There is another matter about which I want to say a word to you as you are starting out. A man's future, what he will make of himself and of his life, depends with almost mathematical certainty upon the character of his associates and friends. He may have good principles, his bible may be often open in his hand, remembered love may follow him with unceasing prayers, but he will almost surely do well or ill, as he falls among good or bad companions. Education, ingrained principle, ambition and conscience--all these will do much for him, but they will not stand against this later influence. There are many turning points where the question of success or failure is decided again and again. The most important of them all is friendship; if one wins the victory here, the reward of a strong manhood is almost surely within his reach. I am urging no Pharisaic spirit upon you when I say, if a man is tricky, if he is mean or brutal or underhanded, if he is low in his talk and his thoughts run easily to baseness, put a wide space between yourself and him. For his sake as well as your own, stand away from him while so long as he is deliberately living and acting below his standards, and refuse to be a party to his self degradation by lending it the countenance of your friendship or companionship. You do not help him--you hurt him by so much as your influence counts--by descending to his level; you can only help him and save yourself by withholding your friendship until it can be upon a plane of moral equality. Social or intellectual equality matter comparatively [5/6] little, but in friendship there must be moral equality; and if it be not gained by the lower rising to the level of the higher, it comes about by the higher sinking inevitably to the level of the lower.
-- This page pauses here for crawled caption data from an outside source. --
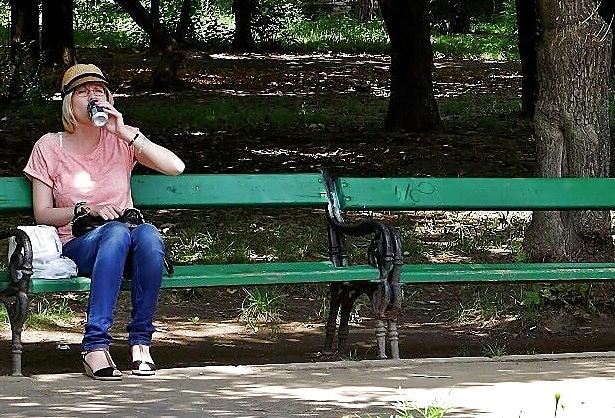24P Spy old + young parck romanian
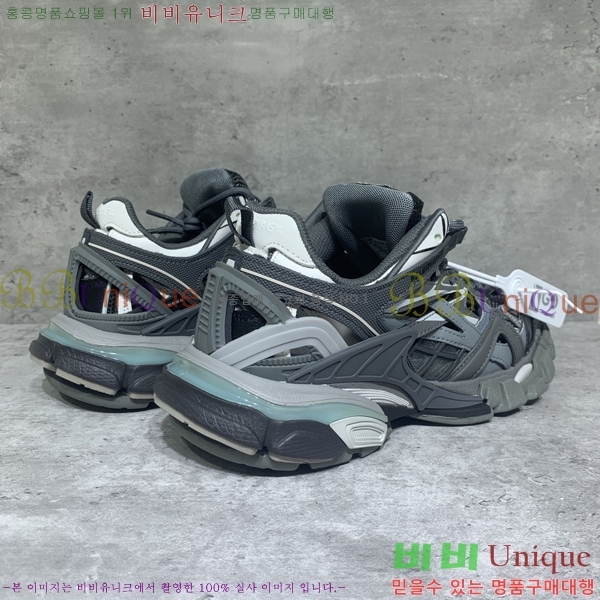 �߷��þư� Track 4.0 ����Ŀ�� 49BL2411-1443-11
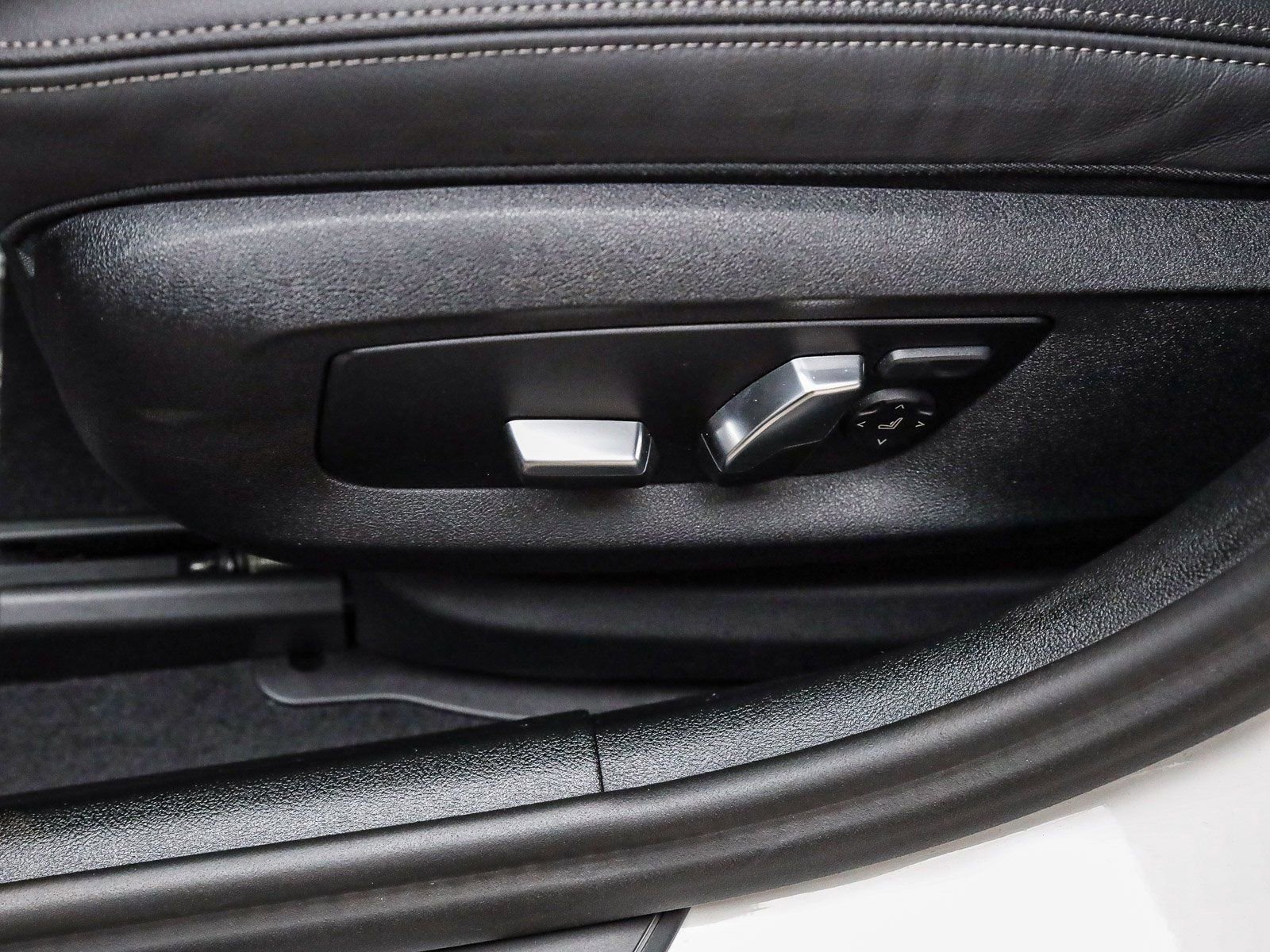 Certified 2023 BMW 530e w/ M Sport Package image 22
Stand by your principles and the thing your conscience tells you is right. There is no place here for any man who is physically a coward; and surely there should be as little place for one who is a moral coward. If there be one thing above all others in which we may take honest pride, it is that in the Corps a man who has genuine convictions and stands honestly by them, is the man who is respected. It is the man whose principles are not genuine, who does not believe but only makes believe, or the man who has not the courage and sand to hold to the principles he really has--it is only these who are not respected because they deserve no respect.
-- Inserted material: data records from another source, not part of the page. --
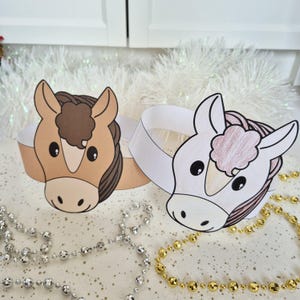Pu&ograve; includere: Due fasce per la testa a forma di testa di cavallo. Una &egrave; marrone chiaro con criniera e ciuffo marroni, l'altra &egrave; bianca con criniera e ciuffo rosa. Entrambe hanno occhi neri e sono fatte di carta. Fili decorativi di perline argentate e dorate in primo piano.
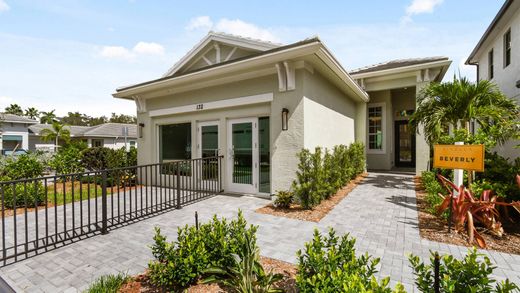 Villa Port Saint Lucie, Saint Lucie County
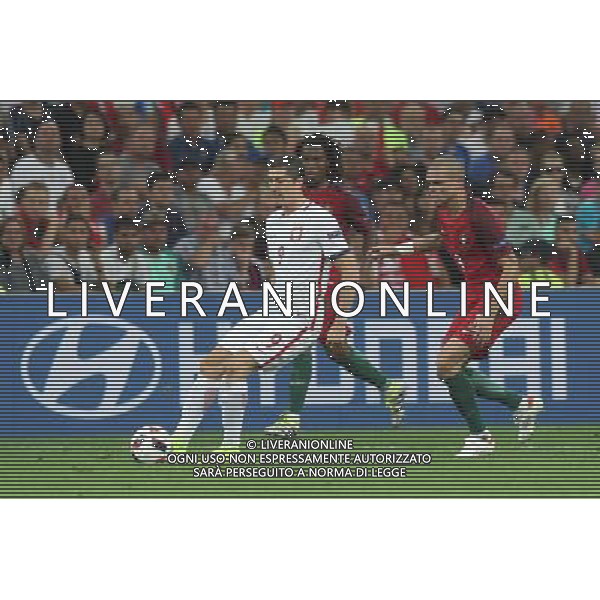 MARSYLIA 30.06.2016 MECZ CWIERCFINAL 1/4 FINALU MISTRZOSTW EUROPY 2016: POLSKA - PORTUGALIA --- QUARTERFINAL 1/4 FINAL UEFA EURO 2016 MATCH IN MARSEILLE: POLAND - PORTUGAL ROBERT LEWANDOWSKI PEPE FOT. PIOTR KUCZA/NEWSPIX.PL --- Newspix.pl 30 -06-2016 MARSIGLIA EURO 2016 QUARTI DI FINALE POLONIA -PORTOGALLO AG ALDO LIVERANI SAS ONLY ITALY *** Local Caption *** www.newspix.pl mail us: info@newspix.pl call us: 0048 022 23 22 222 --- Polish Picture Agency by Ringier Axel Springer Poland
Often it has been said that West Point is a hard place in which to lead a Christian life. If I were asked whether that is true or not, I would answer that it is true. It is a hard place in which to lead a Christian life--and if any man can point me to any place on this earth made by God to develope men in, and not pulpy, boneless, muscleless nonentities, where it is not hard to lead a Christian life, I shall know at last a place which has somehow been forgotten in the Great Designer's plan. It is hard to be a Christian here--as hard as it is everywhere, and not one iota harder. The man who wants to be a Christian here--and, thank God, I believe that there are more every year who do want that--can be one, and one of the highest and strongest type. Let there be no shadow of doubt as to this in the minds of any one of you. At his own door lies the fault for the failure of the man who fails in this--at his own door and nowhere else. Everywhere when men are tested, as tested here they most surely are, there is a revelation of character--of its strength or weakness, before perhaps unknown. According to what there is in a man, he rises or sinks to his own proper level.
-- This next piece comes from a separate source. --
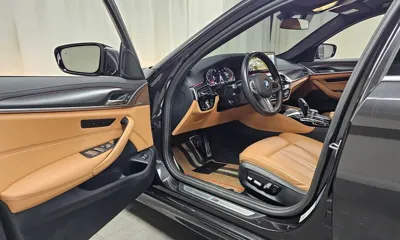 BMW 5-Series 2023, 10287 км, за 32690.04 USD - фото 10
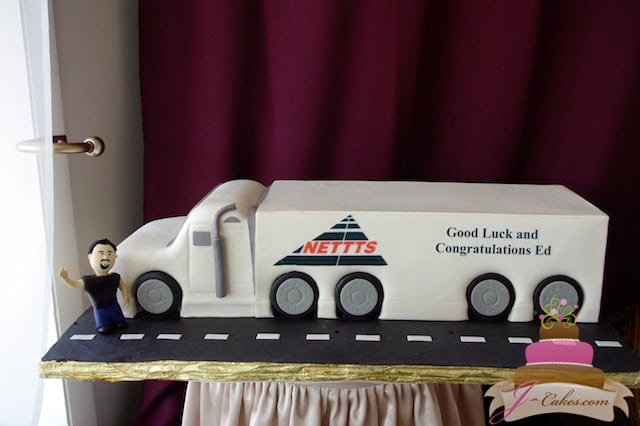 (822) Tractor Trailer Shaped Cake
Young men, there is before you such an opportunity to do, such an opportunity to grow and to become strong, such an opportunity to do a man's work and to count, that every best thing in you should rise to greet, to grasp it and to hold it, to make the most of it that it may make the most of you. God grant that you may do this bravely and truly, that there may grow in you more and more those qualities of character, of heart and of soul, which ever make the true solider, the true Christian, and the true man.